§ EXERCISE INPUTS:
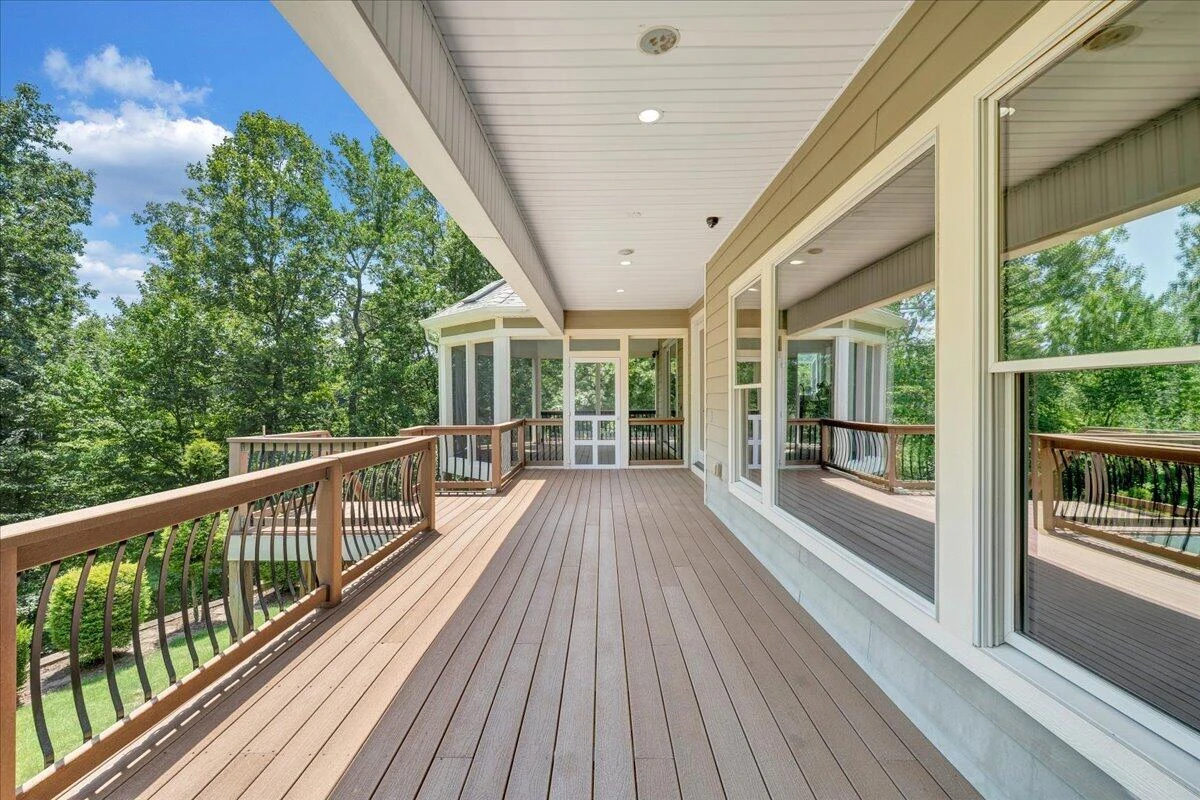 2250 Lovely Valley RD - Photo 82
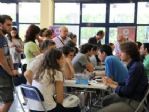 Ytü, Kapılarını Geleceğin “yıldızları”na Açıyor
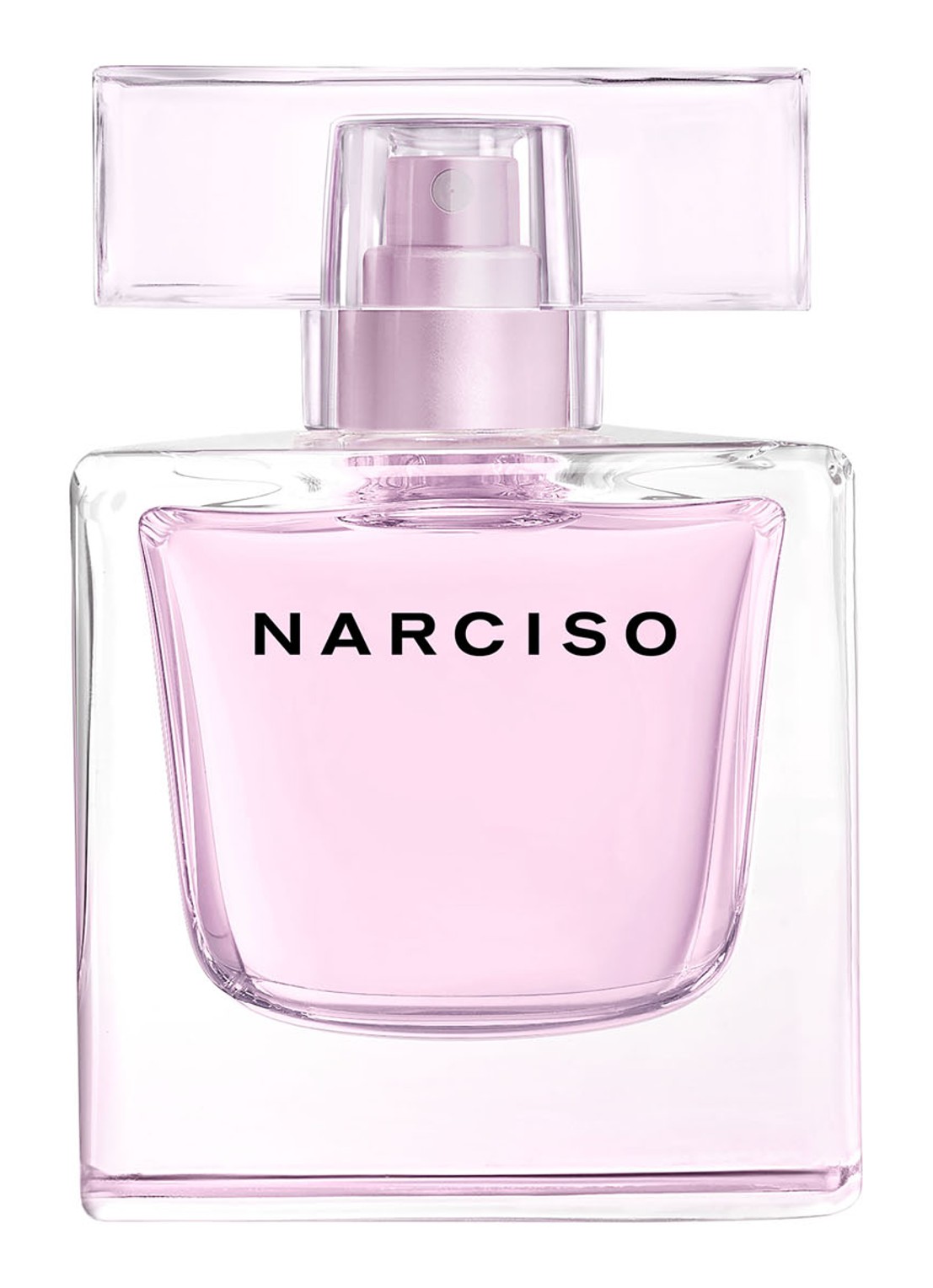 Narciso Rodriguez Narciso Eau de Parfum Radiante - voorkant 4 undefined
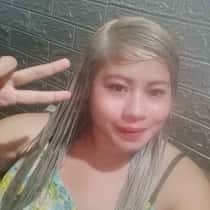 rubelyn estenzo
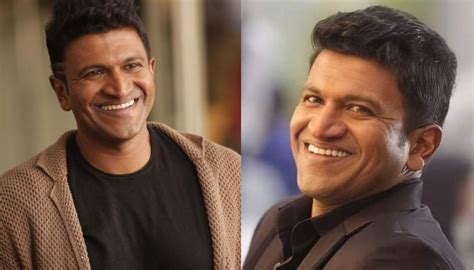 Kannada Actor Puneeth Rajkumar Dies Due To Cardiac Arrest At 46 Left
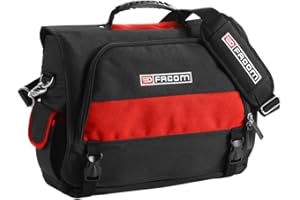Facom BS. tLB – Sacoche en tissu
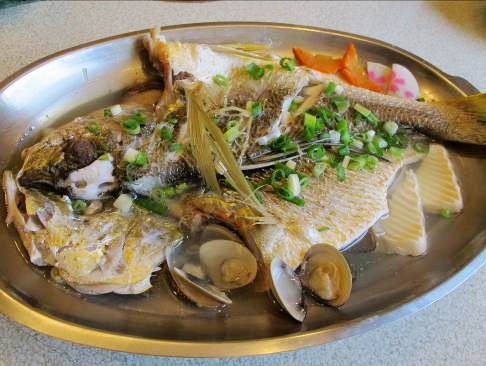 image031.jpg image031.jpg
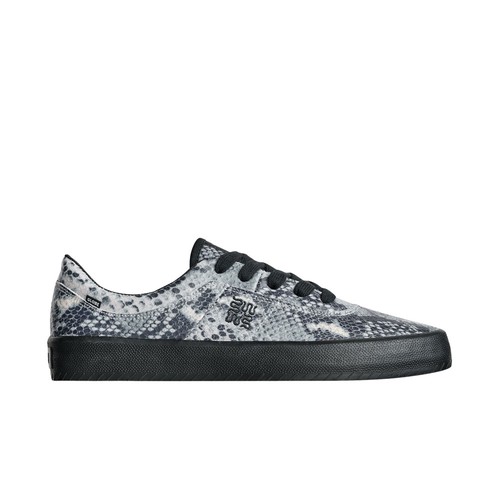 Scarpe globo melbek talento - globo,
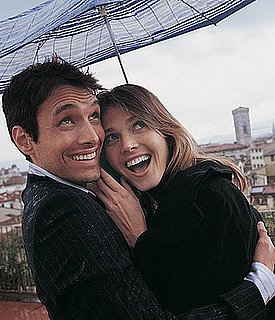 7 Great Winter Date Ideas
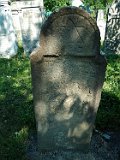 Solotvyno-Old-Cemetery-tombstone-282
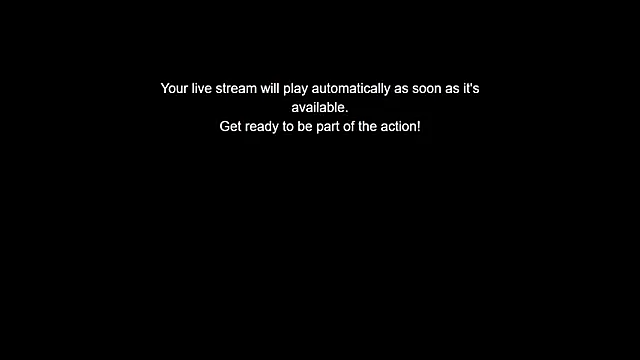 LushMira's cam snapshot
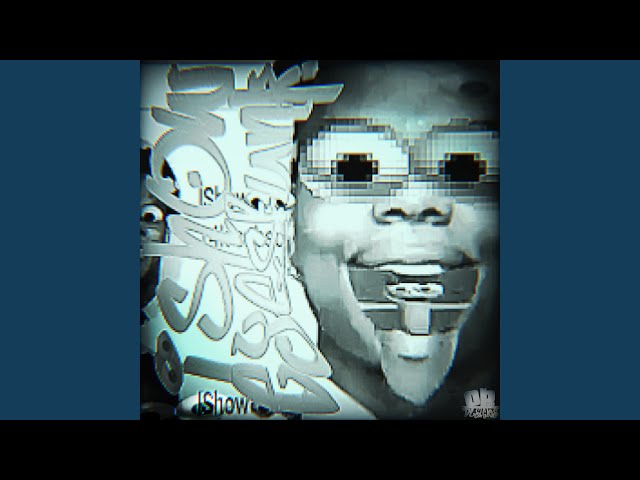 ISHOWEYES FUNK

§ ACTIVITY: Every entry above should be written out again verbatim, with no pictures included.

§ EXERCISE RESPONSE:
 2250 Lovely Valley RD - Photo 82
 Ytü, Kapılarını Geleceğin “yıldızları”na Açıyor
 Narciso Rodriguez Narciso Eau de Parfum Radiante - voorkant 4 undefined
 rubelyn estenzo
 Kannada Actor Puneeth Rajkumar Dies Due To Cardiac Arrest At 46 Left
Facom BS. tLB – Sacoche en tissu
 image031.jpg image031.jpg
 Scarpe globo melbek talento - globo,
 7 Great Winter Date Ideas
 Solotvyno-Old-Cemetery-tombstone-282
 LushMira's cam snapshot
 ISHOWEYES FUNK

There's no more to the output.